Penalty to be paid by KKR for FEMA violation

This will be a final hearing for the case where the adjudicating officer of the ED will decide on the penalty to be charged from Khan on August 23. The ED has alleged a total loss of Rs 73.6 crore in foreign currency. Shah Rukh co-owns the franchise with wife Gauri Khan and former co-actor Juhi Chawla and her husband. Surprisingly, Juhi hasn’t been summoned on this occasion, having been present in the other two hearings. The parties have been charged with violating Foreign Exchange Management Act (FEMA) guidelines.

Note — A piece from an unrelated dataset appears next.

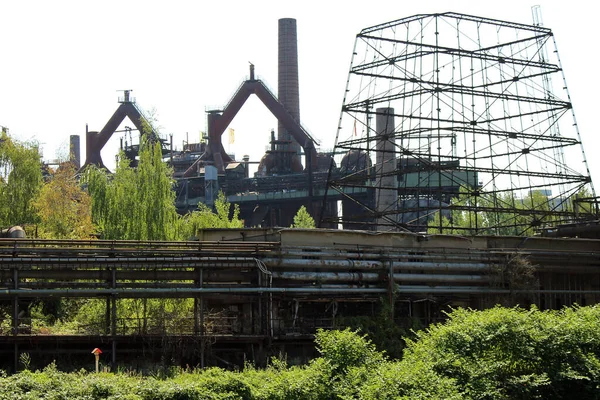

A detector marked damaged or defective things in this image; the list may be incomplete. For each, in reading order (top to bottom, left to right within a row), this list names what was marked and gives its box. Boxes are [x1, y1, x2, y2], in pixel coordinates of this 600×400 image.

rusty steel structure [328, 12, 600, 234]
rusty steel structure [1, 228, 600, 372]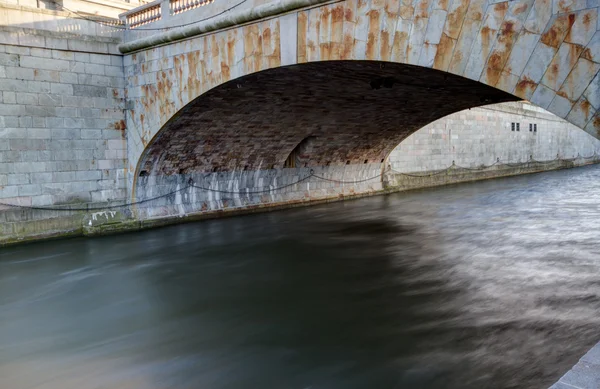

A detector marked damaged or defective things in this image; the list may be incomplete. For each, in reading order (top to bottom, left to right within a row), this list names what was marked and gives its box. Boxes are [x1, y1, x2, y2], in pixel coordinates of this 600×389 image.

rusty stone surface [123, 0, 600, 183]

“The next step after issuing showcause notice (SCN) is adjudication i.e. deciding the action plan on penalty. SRK with his chartered accountant or legal counsel has to remain present before the adjudicating authority headed by the special director of ED. On that day, either SRK would admit the FEMA violations charged against his franchisee or he would not. In both the situations, the authority would listen to SRK and later, decide its action plan,” an ED official told IndiaToday.in.

Understatement of shares

According to the investigation of ED, Red Chilies Enterprises Pvt. Ltd (RCEPL), a fully owned company of Khan and his wife Gauri, formed a company named Knight Riders Sports Ltd (KRSPL) for the purpose of acquiring the KKR franchise in 2008.

KRSPL issued Rs 2 crore shares after the initial success of the IPL. Rs 50 lacs shares were bought by The Sea Island Investment Ltd (TSIIL), a company operated by Jay Mehta, the husband of Juhi Chawla. Rs 40 lacs shares were procured by Juhi which were later sold to TSIIL. All these shares were issued at a par value of Rs 10 per share whereas the original market value of these shares was much higher, ranging between Rs 86-99 per share.

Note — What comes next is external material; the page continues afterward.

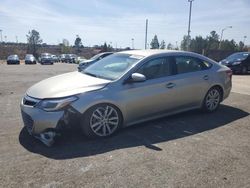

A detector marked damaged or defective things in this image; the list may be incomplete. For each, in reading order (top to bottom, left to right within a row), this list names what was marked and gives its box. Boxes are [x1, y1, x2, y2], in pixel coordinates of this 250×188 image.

ED will now take action against all stakeholders for deliberately understating the share values.

In their defence, the KRSPL has been fighting the case stating that they computed the share issuance under net asset value method (NAV) prescribed under FEMA, 1999.

A decision on the said matter will be taken in due course of time and KRSPL in all likelihood are set to pay a penalty for understating the value of the shares.